Ideas come in all shapes and sizes and can be generated or inspired by almost anything. As writers, we're encouraged to read, read, read, but our imaginations are just as likely ignited by the things we watch, the things we listen to and the people we hang around with.

All of which brings me neatly on to Tumblr.

What is Tumblr?

Tumblr is what's techtastically known as a microblogging platform. For me, it sits somewhere between WordPress, a full fat blogging experience, and Twitter, with its 140 character's worth of tiny talk.

Tumblr's 'About' page says it's the "easiest way to express yourself".

It also says this:

Tumblr lets you effortlessly share anything. Post text, photos, quotes, links, music, and videos, from your browser, phone, desktop, email, or wherever you happen to be.

Of course, all of that is true, but the same more or less applies to every other blogging platform out there, doesn't it? And having used it for almost exactly a year now, I know that Tumblr offers so much more.

So what is different about Tumblr and how can you use it as a scrapbook?

What makes Tumblr so special?

I have a Facebook account and I use Twitter. I also have a last.fm profile, a Vimeo page and a LinkedIn profile too. But the only social media platform I return to on a daily basis is Tumblr. Here's why:

It really is easy to use

To post something to your blog, or 'Tumblelog' as they're known, you simply choose from seven different post types: Text, Photo, Quote, Link, Chat, Audio and Video. And because each post type is pre-styled, you don't have to worry about what it will look like. It means you can crack on with finding and adding content, which is great.

It's how social should be

Arguably the best thing about Tumblr is its social aspect. I know that there are various communities and groups of people who regularly communicate through services like Twitter, but it's not the same, I promise.

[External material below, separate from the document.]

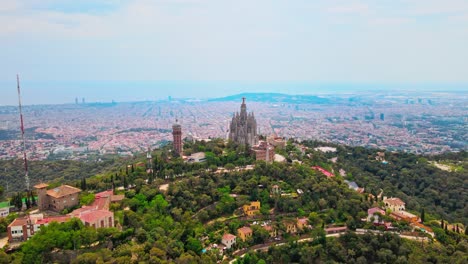 Aerial-drone-4K-footage-of-Tibidabo-in-Barcelona,-showcasing-the-majestic-mountain,-iconic-amusement-park,-and-panoramic-views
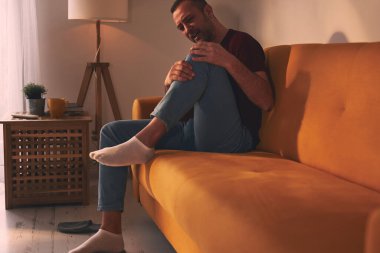 Evdeki koltukta oturan diz ağrısı olan bir adam..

As a platform, Tumblr is growing and growing, but it still seems to retain a certain ethos that I love. Essentially, you interact with people by reposting their material and saying, 'Yeah, I like that. Other people should see it too.'

Imagine Twitter as a major record label. Tumblr is the indie that's not only cooler, but always has its heart in the right place.

It's the perfect online scrapbook for writers

Like most other social-type platforms, Tumblr comes with its own little bookmarklet that sits in your browser toolbar and allows you to post to your Tumblelog without actually going to your Tumblr dashboard.

Effectively, that means that when you see something you like, whether it's a blog post, an image or a video (see full list above), within seconds you can have it appear on your Tumblelog. It will also appear in the dashboard of anyone who's 'following' you.

Nothing revolutionary there, but with Tumblr it's all so visual. You're not farming links, you're assembling a collection of media that inspires you, flexes your brain-box and makes you laugh.

And everyone else is doing the same, so you're not building a scrapbook for your writing on your own, there's a community (with plenty of writers, actually) there to help you out. Plus it's all so effortless and quick.

So, what now?

Well, first of all you can head over to Tumblr and have an account set up in no time at all. This post is just a very brief overview and there really is no explanation that can do the job better than simply getting stuck in.

Have a scout round, post a few things and then find a couple of people to follow. Ahem.

If you take to Tumblr, you'll no doubt use it however best suits your needs. But I'd encourage you to approach it with the scrapbook notion in mind. Be creative and don't restrict yourself.

Remember, your Tumblelog is not your novel, freelance work or 'proper' blog. It's a playground of ideas. If it looks like fun, have a go on the slide.